Not because the events were impossible.
Because they were improbable.
A collection of things that, on paper, seem unrelated.
Health concerns.
Legal procedures.
Administrative systems.
Financial uncertainty.
Endless paperwork.
Unexpected lessons.
A garden full of roses.
And somewhere in the middle of all of it, a person trying to hold herself together.
A year ago, I thought I understood what the next twelve months would look like.
Most people do.
We make plans.
We imagine outcomes.
We draw straight lines from today into tomorrow.
Life rarely follows those lines.
Instead, it introduces detours.
Some small.
Some enormous.
This year was full of detours.
There were moments when I felt frustrated.
Moments when I felt exhausted.
Moments when I felt trapped inside systems that seemed larger than any individual could fully understand.
There were also moments when I learned things I never would have learned otherwise.
How institutions work.
How procedures influence outcomes.
How uncertainty affects the human mind.
How resilience quietly develops when there is no alternative.
Looking back now, I realise that the most important lessons were not legal.
They were personal.
I learned that stress can become so familiar that we stop noticing it.
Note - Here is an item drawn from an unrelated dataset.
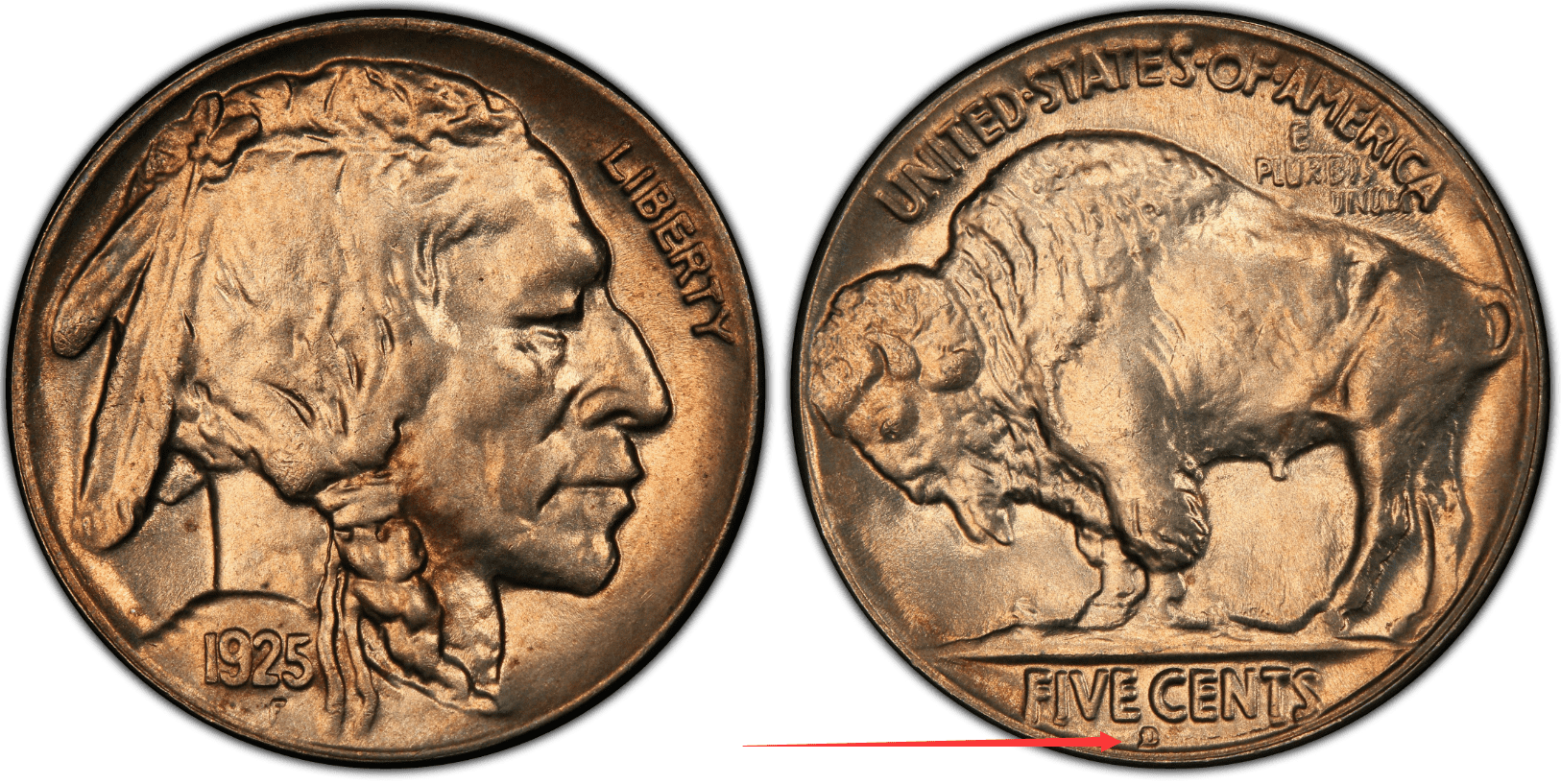 1925 D nickel Value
I learned that survival and living are not the same thing.
I learned that peace is something that must be protected.
I learned that ordinary life is far more valuable than I once realised.
A cup of tea.
A conversation with a friend.
A flower opening in the garden.
A day without urgency.
These things once seemed ordinary.
Now they feel extraordinary.
Perhaps that is what difficult years do.
They change our definition of wealth.
Not financial wealth.
Human wealth.
Time.
Health.
Friendship.
Calm.
Meaning.
As I stand here now, I do not see this year as a story of victory or defeat.
That would be too simple.
Instead, I see it as a year of education.
A year that taught me things I never wanted to learn, but am strangely grateful to know.
A year I never expected.
A year I will never forget.
And perhaps, years from now, when the details have faded, that is what I will remember most:
Not the documents.
Not the deadlines.
Not the arguments.
But the person I became while moving through them.